• Task details
A word-for-word copy of all entries is required, without images.
======== Data shown
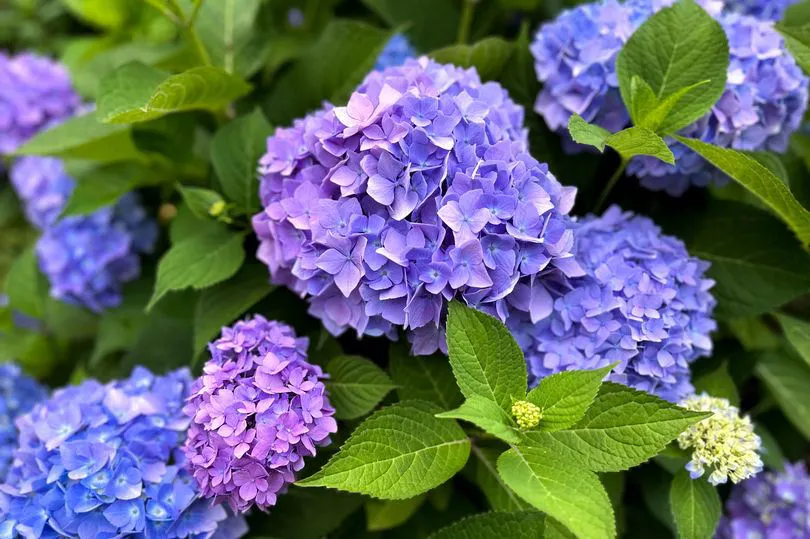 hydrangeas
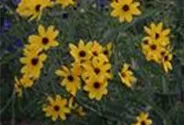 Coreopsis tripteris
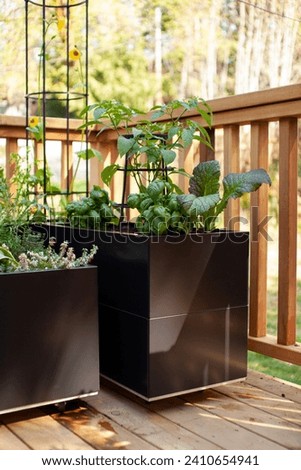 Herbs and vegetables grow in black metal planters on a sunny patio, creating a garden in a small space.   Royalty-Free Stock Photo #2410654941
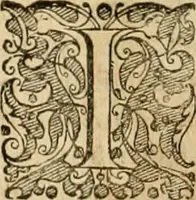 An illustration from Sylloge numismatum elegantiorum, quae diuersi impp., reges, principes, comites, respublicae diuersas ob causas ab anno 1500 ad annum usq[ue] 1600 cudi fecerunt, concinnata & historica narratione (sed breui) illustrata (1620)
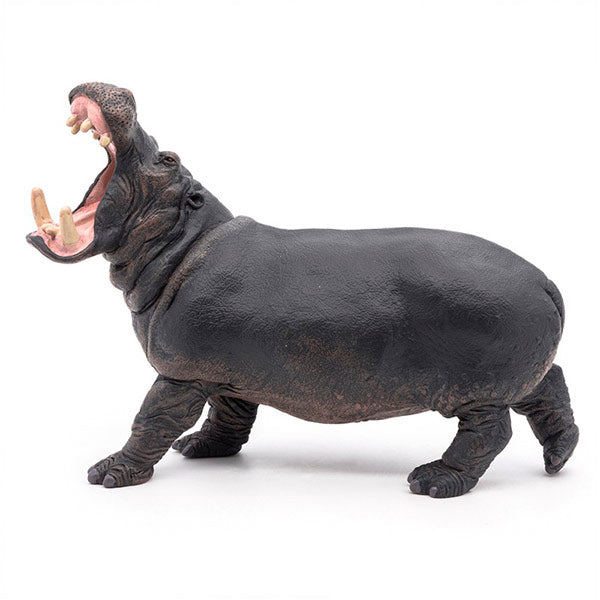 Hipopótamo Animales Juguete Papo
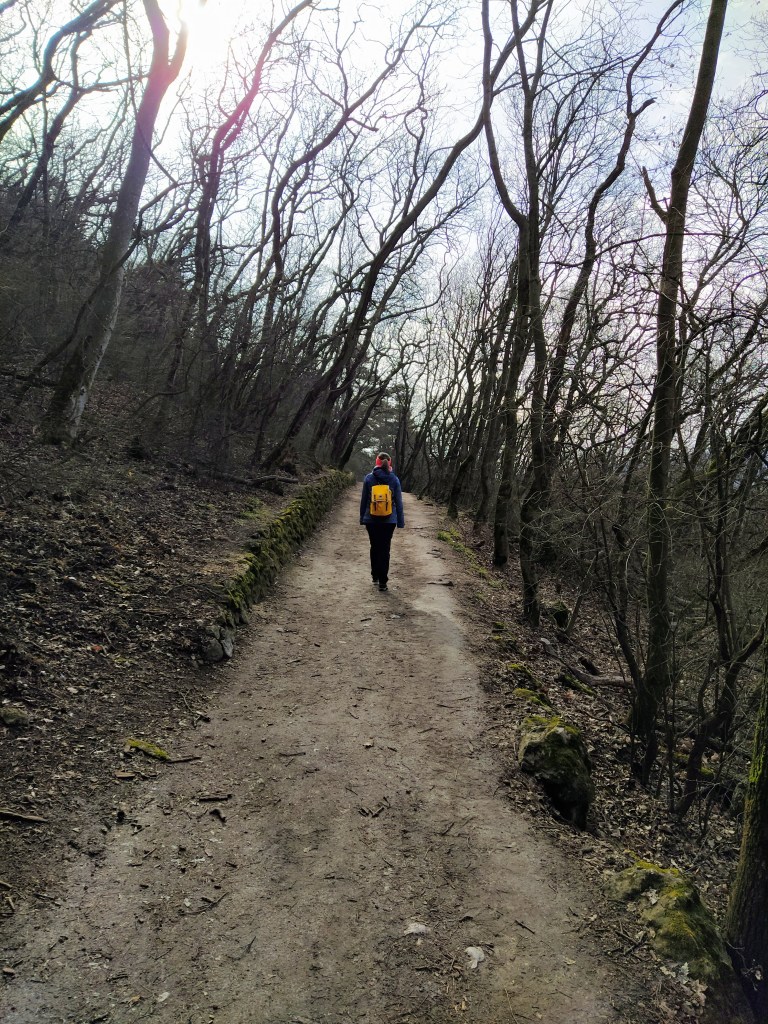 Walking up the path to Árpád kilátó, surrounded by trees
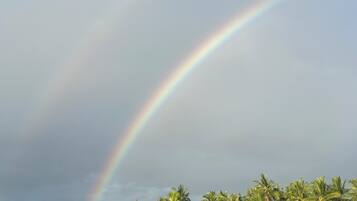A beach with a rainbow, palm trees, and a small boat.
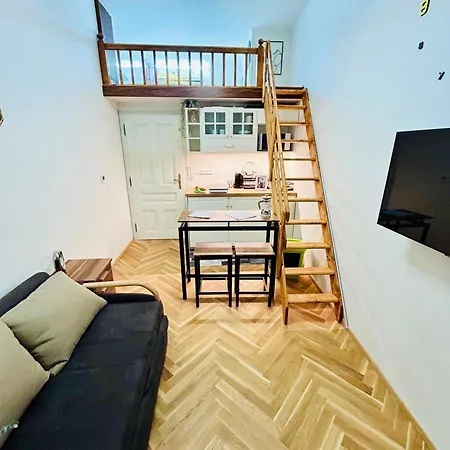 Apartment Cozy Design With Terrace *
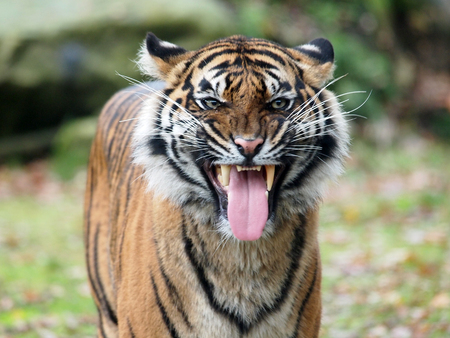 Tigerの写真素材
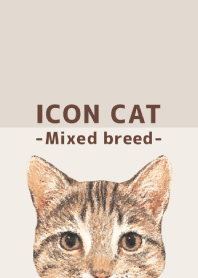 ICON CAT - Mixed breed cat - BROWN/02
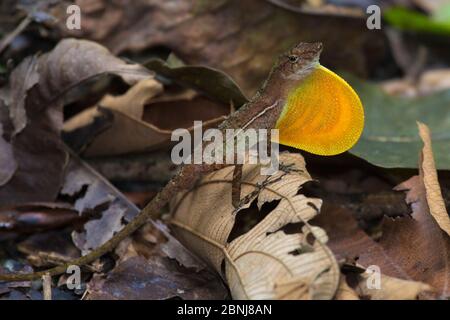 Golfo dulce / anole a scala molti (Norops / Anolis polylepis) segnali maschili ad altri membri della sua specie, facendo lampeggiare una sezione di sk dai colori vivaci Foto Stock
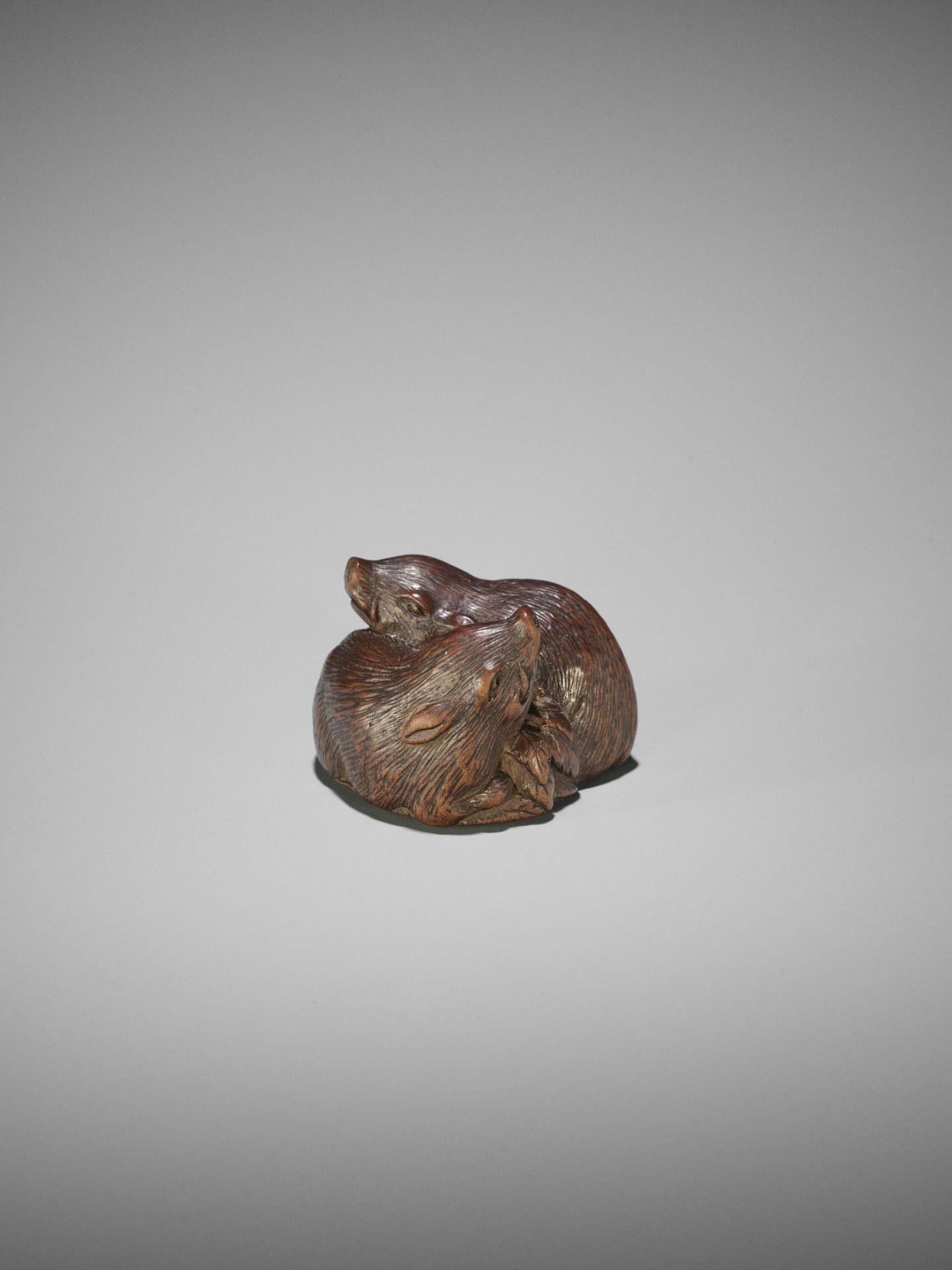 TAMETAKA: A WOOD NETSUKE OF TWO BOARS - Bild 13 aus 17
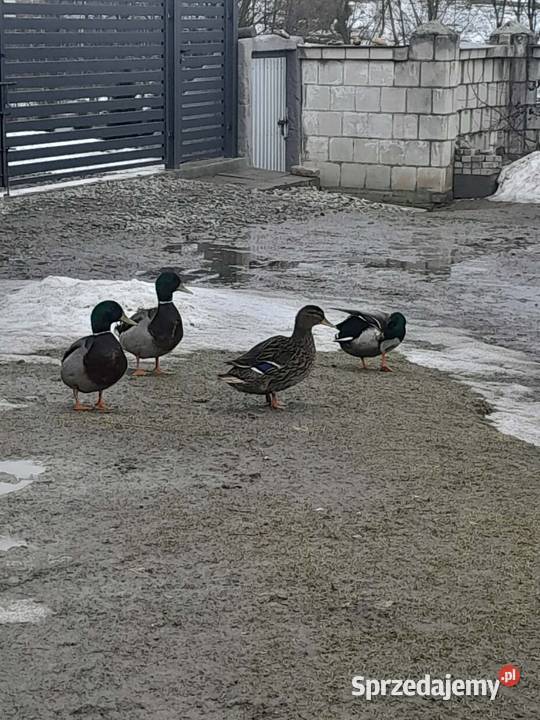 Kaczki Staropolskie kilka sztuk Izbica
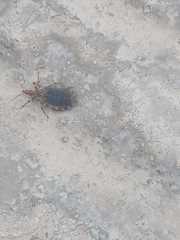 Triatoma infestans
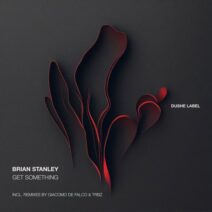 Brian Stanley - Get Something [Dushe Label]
================
• Expected answer
 hydrangeas
 Coreopsis tripteris
 Herbs and vegetables grow in black metal planters on a sunny patio, creating a garden in a small space.   Royalty-Free Stock Photo #2410654941
 An illustration from Sylloge numismatum elegantiorum, quae diuersi impp., reges, principes, comites, respublicae diuersas ob causas ab anno 1500 ad annum usq[ue] 1600 cudi fecerunt, concinnata & historica narratione (sed breui) illustrata (1620)
 Hipopótamo Animales Juguete Papo
 Walking up the path to Árpád kilátó, surrounded by trees
A beach with a rainbow, palm trees, and a small boat.
 Apartment Cozy Design With Terrace *
 Tigerの写真素材
 ICON CAT - Mixed breed cat - BROWN/02
 Golfo dulce / anole a scala molti (Norops / Anolis polylepis) segnali maschili ad altri membri della sua specie, facendo lampeggiare una sezione di sk dai colori vivaci Foto Stock
 TAMETAKA: A WOOD NETSUKE OF TWO BOARS - Bild 13 aus 17
 Kaczki Staropolskie kilka sztuk Izbica
 Triatoma infestans
 Brian Stanley - Get Something [Dushe Label]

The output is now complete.